Cystic fibrosis (CF) is an autosomal recessive disease caused by any one of more than 2,000 mutations in the CFTR gene that codes for the cystic fibrosis transmembrane conductance regulator (CFTR). This protein functions as a channel that transports chloride ions across the membranes of cells that line airways, glands, and the digestive tract. Mutations prevent the channel from functioning properly and lead to cells producing a thick, sticky mucus that can obstruct airways and glands, providing a breeding ground for life-threatening infections.

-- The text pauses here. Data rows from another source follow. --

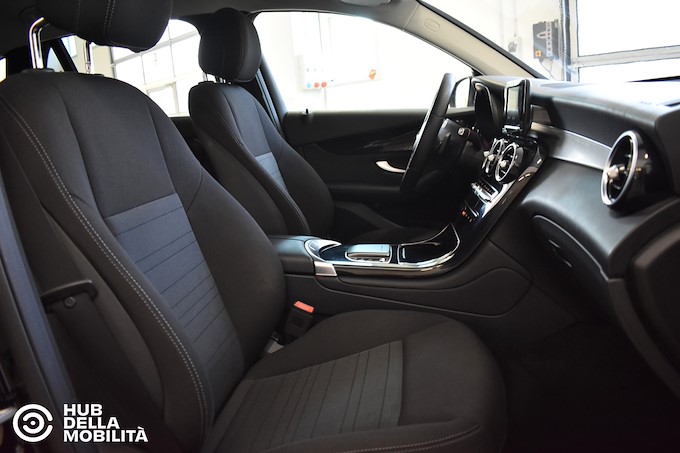 MERCEDES-BENZ GLC 200 4Matic EQ-Boost Business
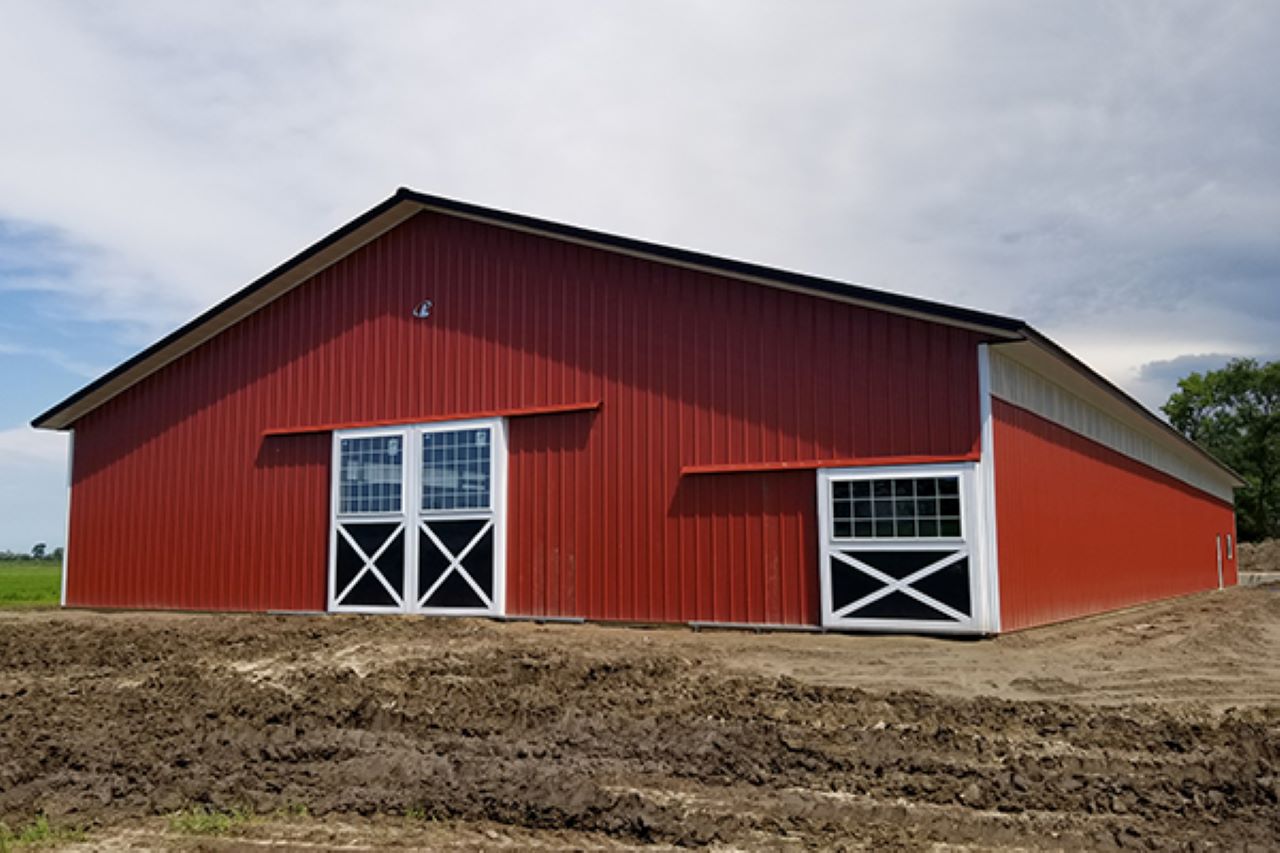 Riding Arenas that Transform Homes into Horse Properties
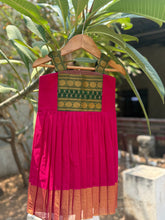 Kids Chettinad Cotton Frock - Express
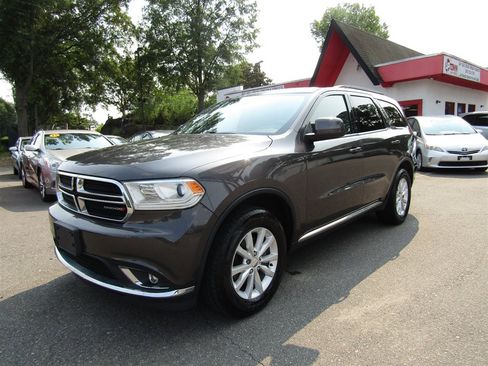Used 2015 Dodge Durango SXT w/ Quick Order Package 23B AWD/4WD image 12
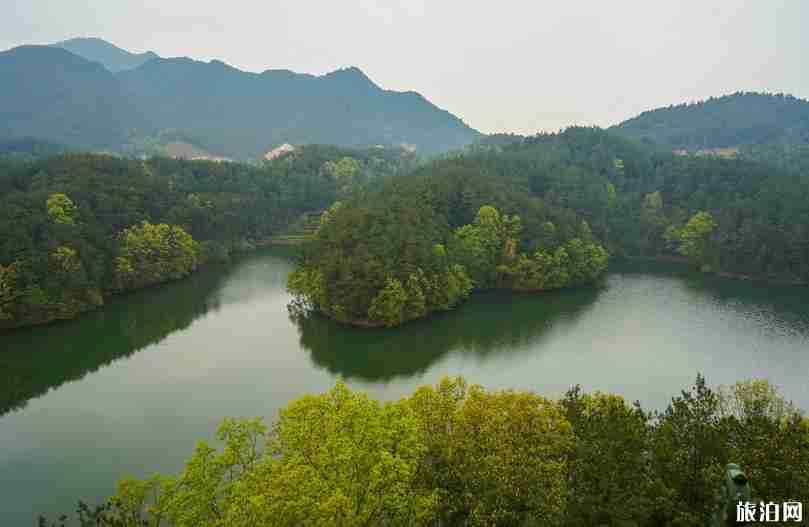 汉中两日游必去景点+最佳路线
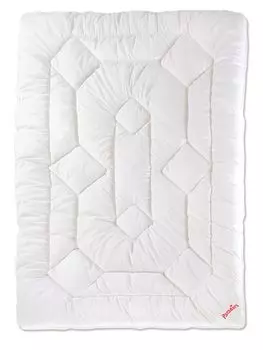 Одеяло Paradise 155х220 см "Прима Био" легкое в уходе и дышащее, зима Paradies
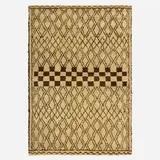 Moroccan, Pile carpet, c. 1950, hand-knotted wool
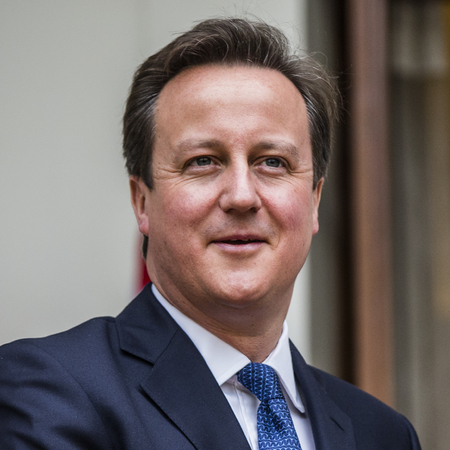 Prime Minister David Cameron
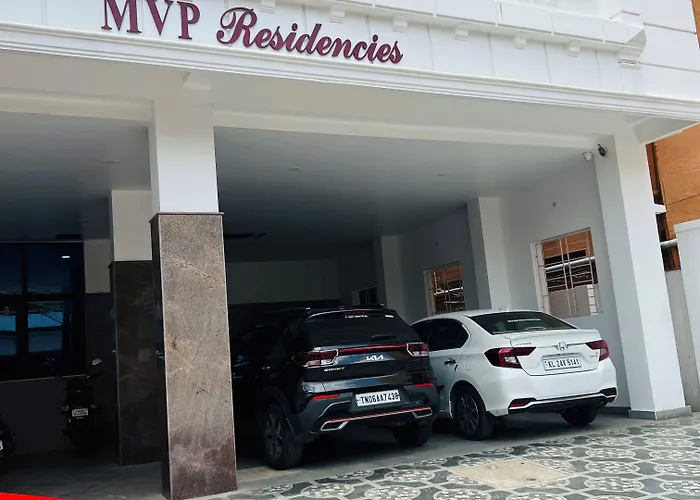 Mvp Residencies Hotel Chennai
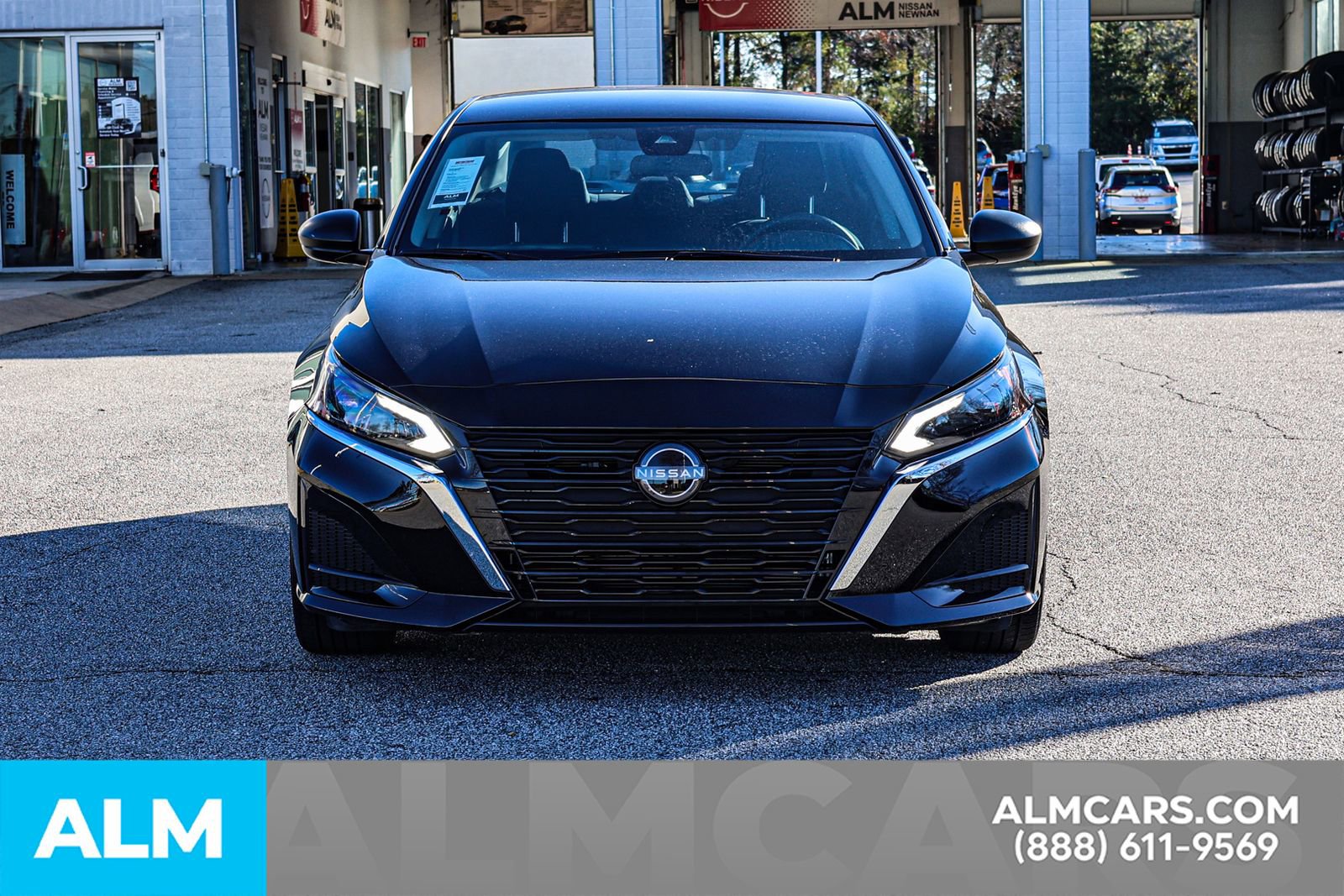 Used 2024 Nissan Altima 2.5 S image 10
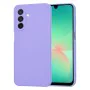 Калъф за Samsung Galaxy A26 5G - SoftFlex - Светло лилав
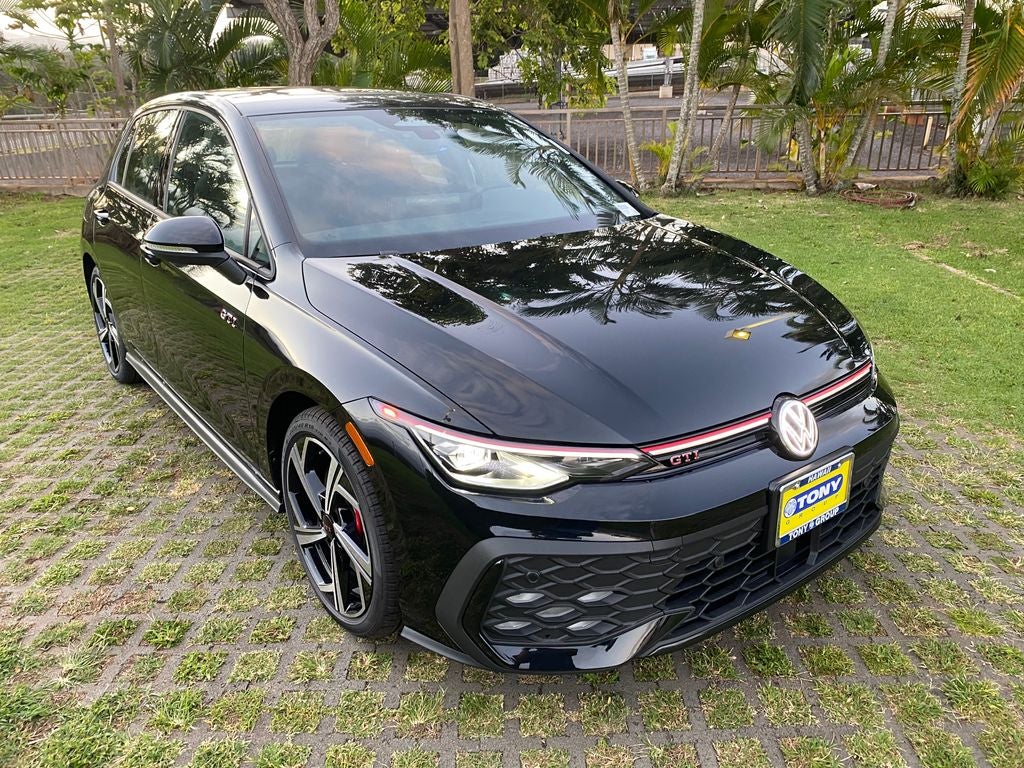 2026 Volkswagen Golf GTI 2.0T SE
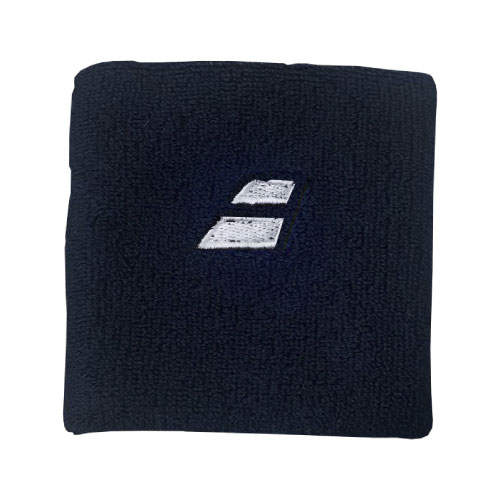 【10月25日～11月5日迄 2BUY10%OFFキャンペーン対象】バボラ CLUB WRIST BAND （ BWA2930C-NV00 ネイビー ）[ Babolat ACC アクセサリー ]22SS▲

The U.S. Food and Drug Administration (FDA) approved two small-molecule treatments for the most common CF mutation.
In patients with CF, the CFTR protein may be absent, dysfunctional, or functional but present in low numbers. The most common mutation, called F508del, is a deletion of one amino acid (phenylalanine) at position 508 in the CFTR protein. Approximately 41% of patients with CF have one copy of this mutation combined with a different mutation, while another 45% of patients have two copies of F508del.
The deletion causes defective CFTR protein folding and processing, resulting in minimal amounts of CFTR reaching the cell surface; for the few channels that do manage to get to the surface, the mutation also disrupts channel opening. Together, these effects lead to minimal chloride transport.
A small molecule called lumacaftor improves processing of the mutant CFTR protein, increasing the amount of protein in the cell membrane. Another small molecule called ivacaftor increases the amount of time that CFTR channels remain open.
Clinical studies have shown that ivacaftor on its own only benefits patients with a group of specific CFTR mutations, while lumacaftor does not appear to be an effective treatment on its own. However, ivacaftor and lumacaftor used in combination with each other are beneficial to patients with the F508del CFTR mutation.